▶ [WHAT THE EXERCISE ASKS]
Each line starting at the one that contains "Height 16mm" and ending at the one that contains "Unmarked, tested 9 Carat" must be returned exactly, and the rest of the listing is left out.

#### AVAILABLE DATA ####

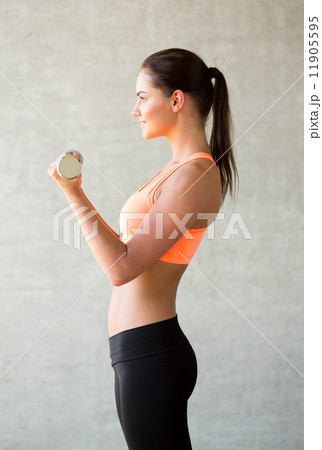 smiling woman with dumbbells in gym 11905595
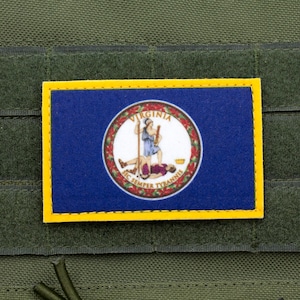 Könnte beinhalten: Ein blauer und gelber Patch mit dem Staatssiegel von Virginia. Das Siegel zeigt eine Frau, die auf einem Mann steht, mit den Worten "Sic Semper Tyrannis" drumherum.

####
#### AVAILABLE DATA ####

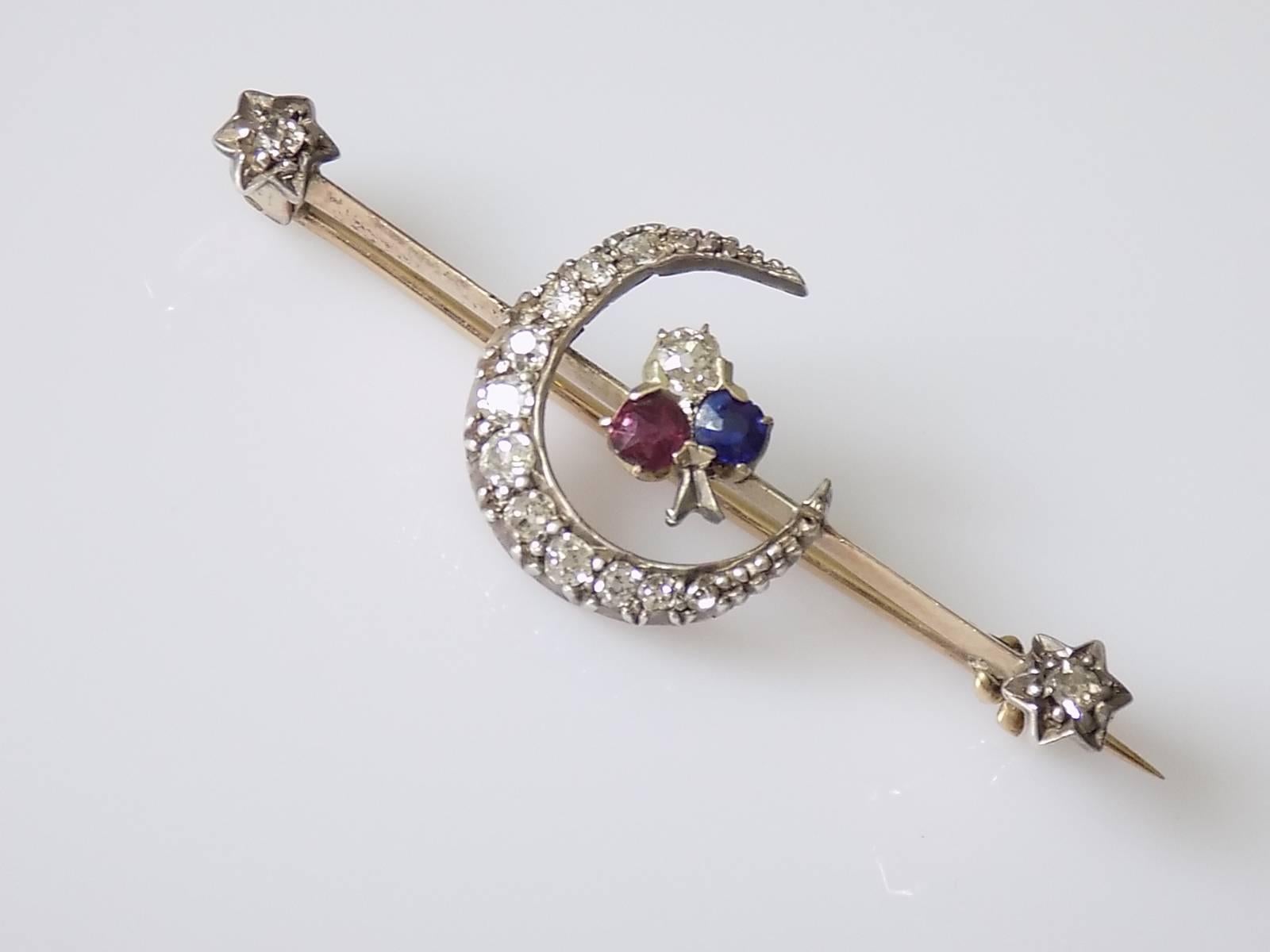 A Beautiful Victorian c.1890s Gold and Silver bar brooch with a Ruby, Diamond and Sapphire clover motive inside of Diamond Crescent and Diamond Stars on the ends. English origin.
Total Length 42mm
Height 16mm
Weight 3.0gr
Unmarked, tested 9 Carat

####

▶ [SOLUTION TO THIS PROBLEM]
Height 16mm
Weight 3.0gr
Unmarked, tested 9 Carat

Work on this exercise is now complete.